Crawled caption data:
-------
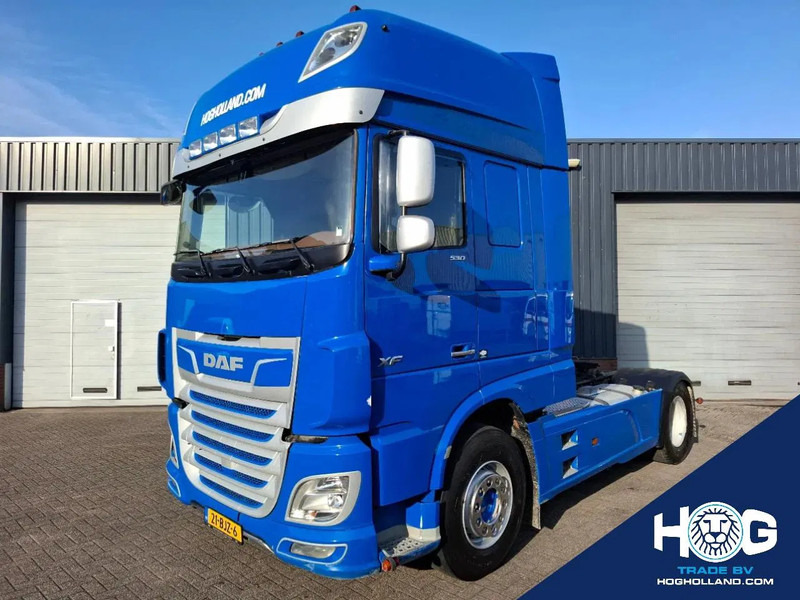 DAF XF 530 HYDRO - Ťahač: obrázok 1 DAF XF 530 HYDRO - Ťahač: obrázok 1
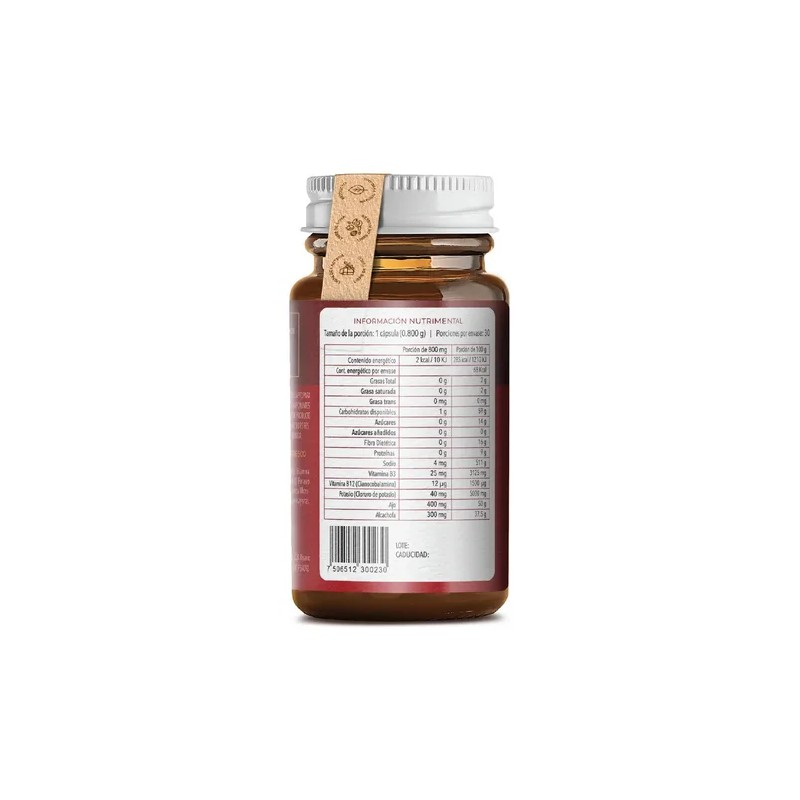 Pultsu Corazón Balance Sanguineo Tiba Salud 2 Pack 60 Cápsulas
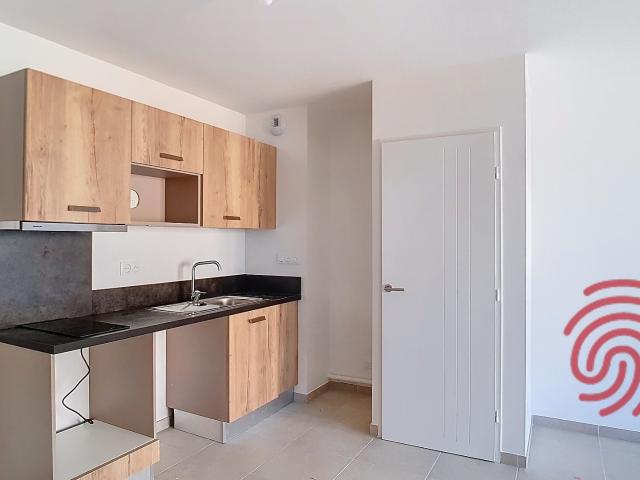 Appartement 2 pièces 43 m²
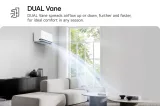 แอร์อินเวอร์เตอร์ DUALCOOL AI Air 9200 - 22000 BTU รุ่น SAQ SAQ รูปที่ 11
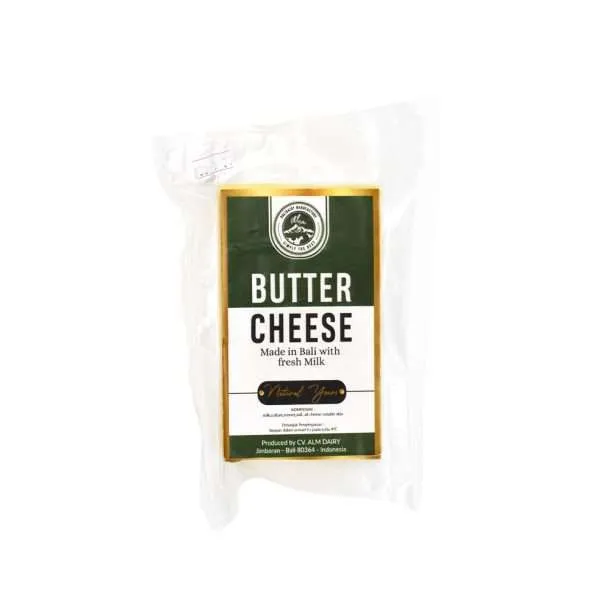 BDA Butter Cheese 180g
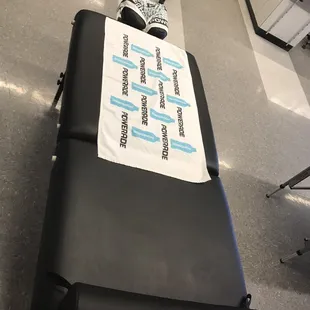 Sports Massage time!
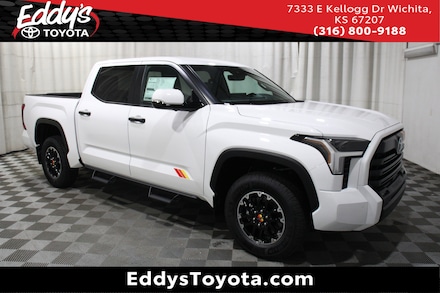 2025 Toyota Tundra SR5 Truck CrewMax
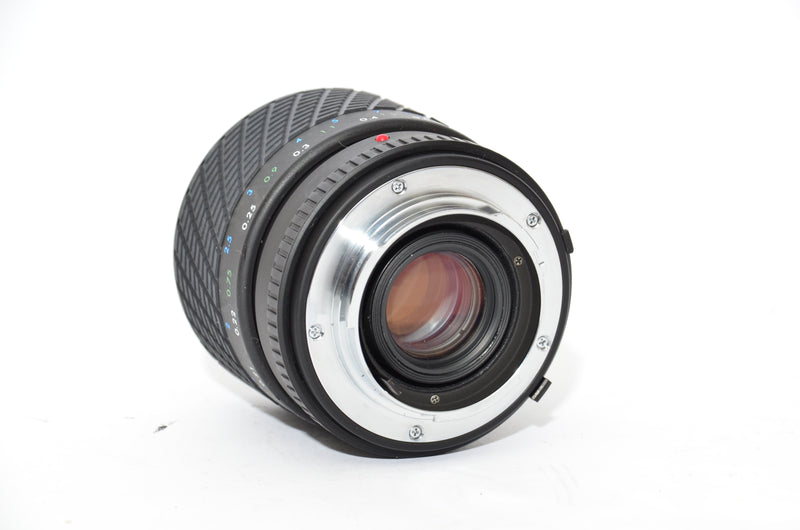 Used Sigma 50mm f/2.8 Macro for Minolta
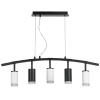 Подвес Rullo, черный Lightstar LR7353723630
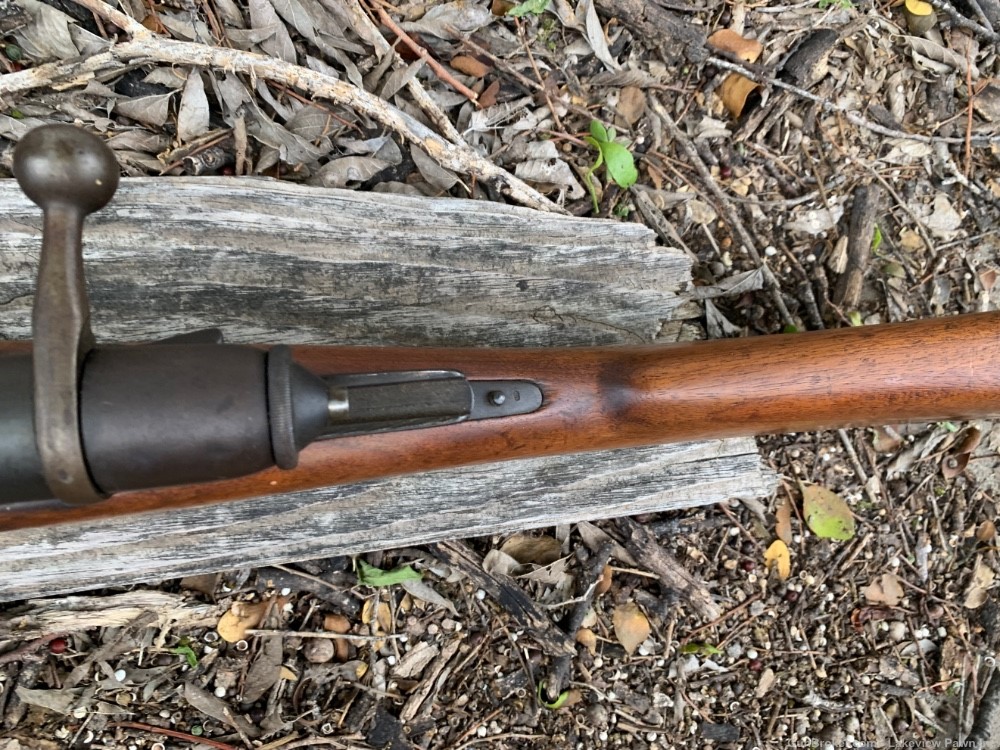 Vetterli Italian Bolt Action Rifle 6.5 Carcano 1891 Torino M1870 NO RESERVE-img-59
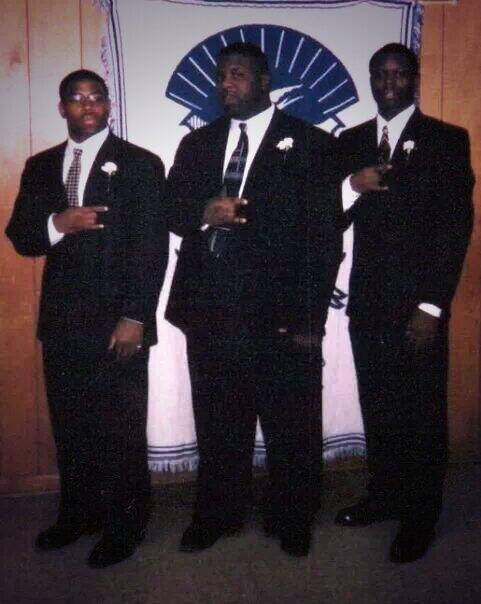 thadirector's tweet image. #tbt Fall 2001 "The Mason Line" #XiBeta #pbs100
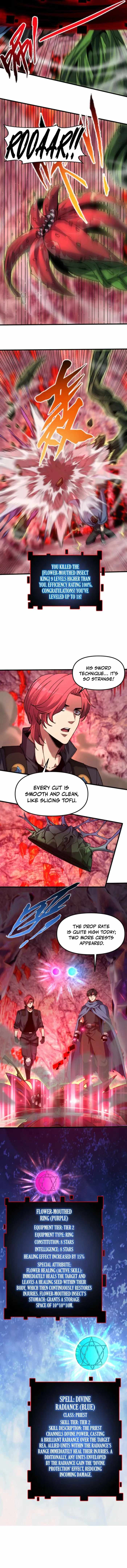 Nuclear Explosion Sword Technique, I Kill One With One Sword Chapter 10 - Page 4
-------
§ Assignment
Among the entries above, take the lines from the one with "BDA Butter Cheese 180g" through the one with "thadirector's tweet image." and retype them exactly, leaving out the pictures.

§ Task answer
 BDA Butter Cheese 180g
 Sports Massage time!
 2025 Toyota Tundra SR5 Truck CrewMax
 Used Sigma 50mm f/2.8 Macro for Minolta
 Подвес Rullo, черный Lightstar LR7353723630
 Vetterli Italian Bolt Action Rifle 6.5 Carcano 1891 Torino M1870 NO RESERVE-img-59
 thadirector's tweet image. #tbt Fall 2001 "The Mason Line" #XiBeta #pbs100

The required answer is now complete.